Today’s meditation was skipped.
Today, I get to have a peek at just how much money I need to build the shelves in my living room. I’ve been looking at a variety of different options, but regardless of the options, the price range looks like it’s going to be somewhere between $550 – $700 which… is painful.
Funny thing? I often fall back on Amazon for less expensive options, but they were pretty damned expensive in this case. Tomorrow, I’ll take some measurements in order to get a better idea of the exact length of wall I’m working with and then I’ll be able to narrow things down further.
The thing is? All this pricing has made me feel pretty damn poor yeah? I know it’s not the case, but so many times scarcity is in the mind and not reality… and this is one of those times. I need to remember it’s not as bad as it feels in the moment.
DECK USED: YIN-YANG CAT TAROT
GroundedInMagic’s #Lovers2022TarotChallenge Challenge Prompt
Questions for January 17th and 18th
Three of Cups – Your abstinence from drinking and drugs.
This one came full circle by the end of the day with a question posted on Discord asking about doing tarot readings while under the influence.
The thing is (and this is entirely my opinion), when you are reading for other people, those people are often extremely open to suggestion during their reading. I feel that when you hold that responsibility in your hands, you should be responsible with it. That means being clear headed and mindful of the influence that you have over this other person, and careful to ensure you don’t damage them or their trust during those moments. Partaking of drugs and alcohol makes one… less responsible. Not more.
That said? If someone wants to partake and read for themselves? I don’t see anything wrong with that as you’re not risking hurting anyone but yourself. Not that self harm is okay, but its an entirely different level than carelessly hurting others that put their trust and well-being in your care when having a reading done.

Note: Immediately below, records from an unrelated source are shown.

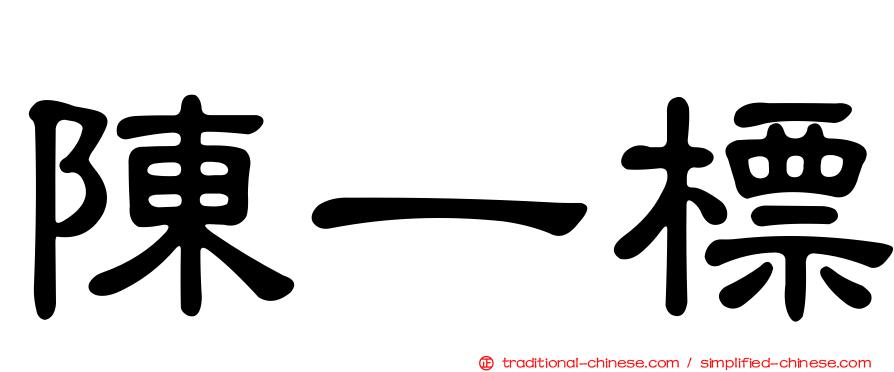 陳一標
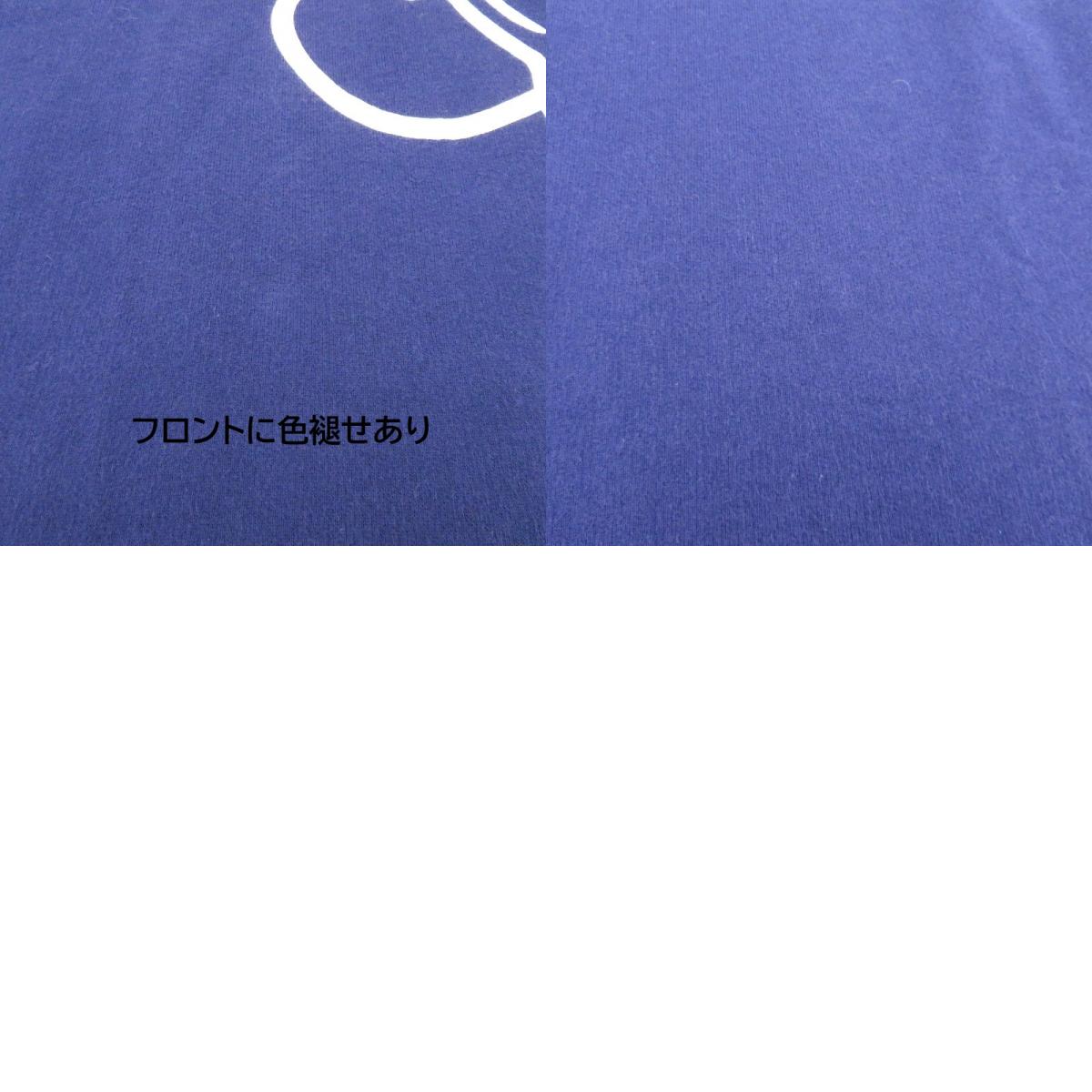 HYSTERIC GLAMOUR | ヒステリックグラマー パーカー 01201CF04 ネイビー サイズ:FreeSize【瀬戸大橋店】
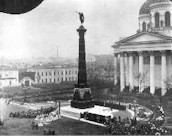 Освящение колонны Славы 1 октября 1886 года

Anyway… yep. I see how this opinion can come off as self-righteous (or even as anger) to someone who doesn’t share my same viewpoints.
Nine of Pentacles – Using your own trials and successes as a way to try and encourage others. Although sometimes it can be inspiring? Other times it just comes off as “why the fuck are you being a whiner?”
This is, of course, not how it’s meant. But, that’s the whole point of this prompt. It’s about the things we say and do to express love (and in this case that love is in the form of encouragement) that can come off as something more negative.
What do I do that I believe is showing love to others, but is actually doing more harm and the good?
King of Wands – Providing opportunities for others, instead of letting them suss them out for themselves. You feel that you are helping, but it often boils down to the difference between teaching a man to fish or giving them the fish. Better to teach so that the man will never go hungry, than to hand it over and they learn nothing other than to depend on you.
Queen of Swords – Staying silent (usually to keep from hurting their feelings) instead of speaking up giving your opinion. Sometimes, even when you don’t mean to be, your words cut through the clutter and chaos, and can come off as sharp or harsh. And sometimes? That’s what they need in order to cut through all the bullshit and see things clearly.
DECK USED: YIN-YANG CAT TAROT
I ate my yogurt? OH! I also downloaded a task manager to see if it might help me in keeping up on the day-to-day self-care type of stuff. I don’t have it set up yet, but I figured I would give it a try.